June 5, 2012
While this may sound like a story out of Nazi Germany, it actually took place in Lakeland, Florida.
Joseph Stoiber was walking in his neighborhood at 2:30am talking to a friend on his cell phone when a Lakeland police officer pulled up and began questioning him.
The officer asked Stoiber to submit to a search, at which point he refused: “And then he said, ‘Can I pat you down?” At that point I said, ‘No, [you] may not.’”
After the refusal the two argued the legality (or illegality) of the patdown.
According to the WFLA news report, next, “things got heated,” (which is another way of saying the officer got heated), and Stoiber was placed in handcuffs.
As those that have experienced similar run-ins with the law can attest, it is this sheer act of defiance and denial of search that gets police worked up. After being refused, most look for any reason to feed their power trip egos and haul you off to jail.

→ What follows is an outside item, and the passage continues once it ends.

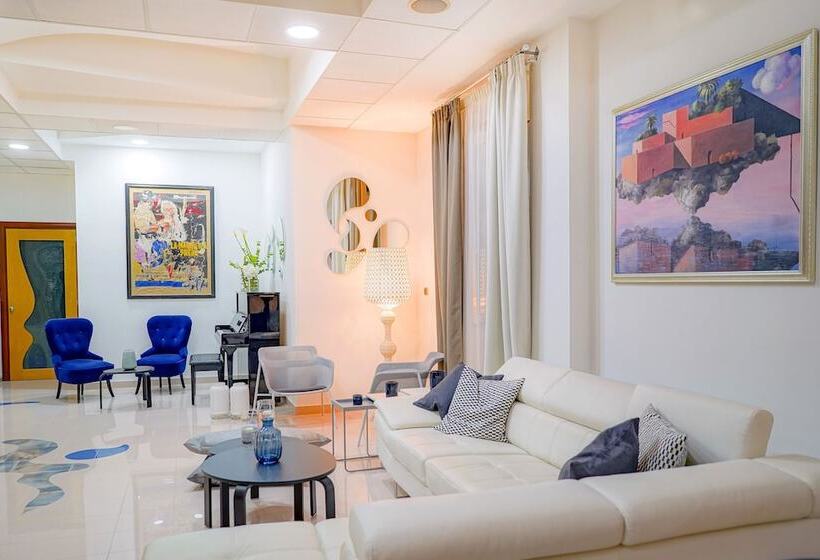 בית מלון כפרי Piccadilly Rooms Restaurant And Beach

While Stoiber had done nothing wrong (but refuse a patdown), he had been chewing snuff tobacco and decided to spit.
At this point, the officer was likely relieved that his detainment would be justified. He placed Stoiber under arrest for the non-violent crime of spitting on a sidewalk.
The law under which police took Stoiber into custody was Ordinance 70-8, a Lakeland law stating “that it shall be unlawful for any person to spit, expectorate or deposit any sputum, saliva or mucous upon any sidewalk.”
The officer argued that he requested a search because he noticed a bulge in Stoiber’s pants and asked what he was doing in the area, but that Stoiber’s explanation didn’t sound reasonable.
In the news report, the USF college student is heard explaining that he’s an insomniac and likes staying up later.
Unfortunately, unlawful searches in the “land of the free” are a growing trend. Cops believe they have the authority to strip us of our Fourth Amendment rights whenever they feel so inclined. This, however, is a vicious violation of our Fourth Amendment. Kurt Nimmo writes:
“Probable cause under the Fourth Amendment is in effect when a person is detained or arrested and is not free to leave. Police can only detain a person when facts are sufficient to warrant an arrest or seizure of an individual.
In Gerstein v. Pugh, the court found that judicial determination of probable cause is required following an arrest. Evidence of crime and that an individual was involved in a crime is required.
A person arrested without probable cause may sue the government and the police. [emphasis added]
So what’s it going to be America?
Are you going to allow imposed curfews by roving patrols questioning anyone walking about? Will you continue to submit to unlawful searches?
Or, will you let the cops know that we know our rights and are ready to defend them?